In the shadow of a statue of revolutionary Chandrashekhar Azad, at a busy intersection at Lahurabir, a mahila panchayat is in full swing. It is around 5 p.m. on Thursday, and the street play mimics political campaigns — from musclemen to use of alcohol. But the chief target is the BJP’s prime ministerial candidate, Narendra Modi, who is contesting from Varanasi.

Womens groups from across the State have gathered here to make others aware of the significance of their vote and to urge them to to defeat Mr. Modi. While there is some debate on whether to name the candidate whom people should vote for, Padma Singh, one of the organisers says, “If we don’t name one person, the votes will get divided — so we are pitching for the Aam Aadmi Party.”

As polling day draws near, across Varanasi, all those who want to defeat or at least ensure that the margin of Mr. Modi’s victory is reduced, are gradually veering towards the AAP’s Arvind Kejriwal again. This follows a brief hiatus in which it had seemed the Congress’s Ajay Rai, a Bhumihar strongman, backed by his one-lakh strong community, might pose a greater challenge. Mr. Rai’s prospects seemed brighter also because the Quami Ekta Party (QED) declared it would back the Congress and withdrew its candidate, Mukhtar Ansari.

But it’s evident that while the three-lakh strong Muslim community is working to ensure that its votes don’t get divided, there is little enthusiasm among its members for the Congress candidate. The QED’s endorsement has also not worked so far.

It’s late evening in Madanpura, a Muslim-dominated locality, home to many of the city’s traders in Banarasi saris. “The people have seen the Congress; it has done little except increase prices. Worse, its candidate is a muscleman. And we won’t vote for Modi,” says H.M. Sagheer, who has a dry fruits business. “Maybe we should try the AAP, but we haven’t yet made up our minds.”

Akram Burari, who is in the Banarasi sari trade, says, “Kejriwal could pose a challenge and no, the QED’s endorsement is worthless.”

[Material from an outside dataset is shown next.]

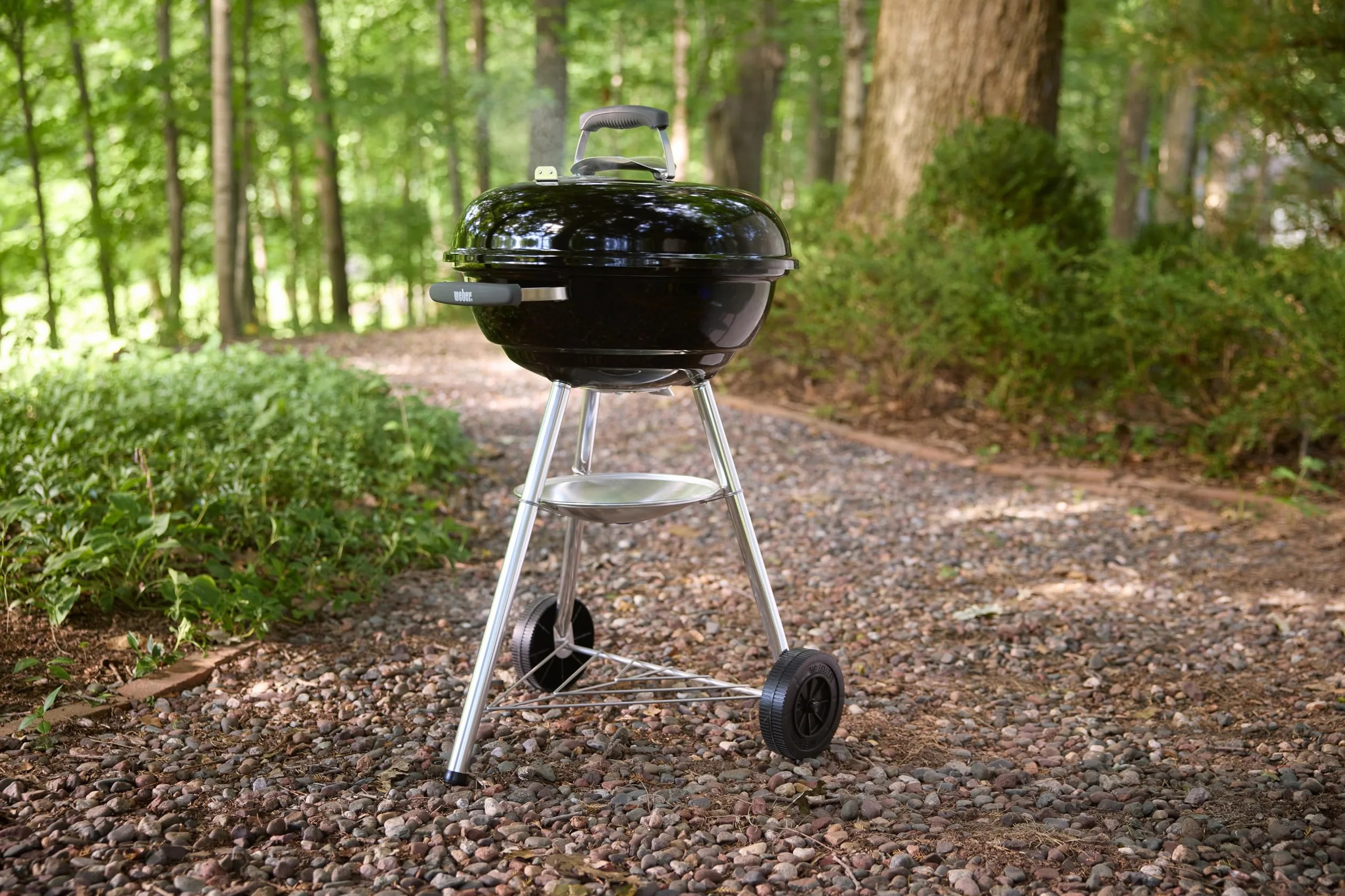 Weber Compact Kettle 47 cm Grill węglowy z termometrem i podstawą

Indeed, most Muslims appear to be veering towards Mr. Kejriwal, even though they all maintain that they would wait till closer to the election day to take a final decision.

Even though most people here believe that Mr. Modi is a shoo-in, the BJP is taking no chances, shipping in people from across the country to its expensively appointed hi-tech office here.

Former IAS officer K.J. Alphons has come from Kerala, as has Jayachandran, an Ayurvedic doctor now based in Ahmedabad. Dr. Jayachandran describes himself as a part of Mr. Modi’s core team. Their task? To mobilise the South Indian voters in the city.

If the BJP is working to ensure Mr. Modi wins by three lakh votes, the AAP and its growing band of well-wishers are working to close that gap.

Among AAP’s supporters are the Janata Dal (United). Bihar Chief Minister Nitish Kumar and senior party leader Sharad Yadav are expected to campaign for Mr. Kejriwal.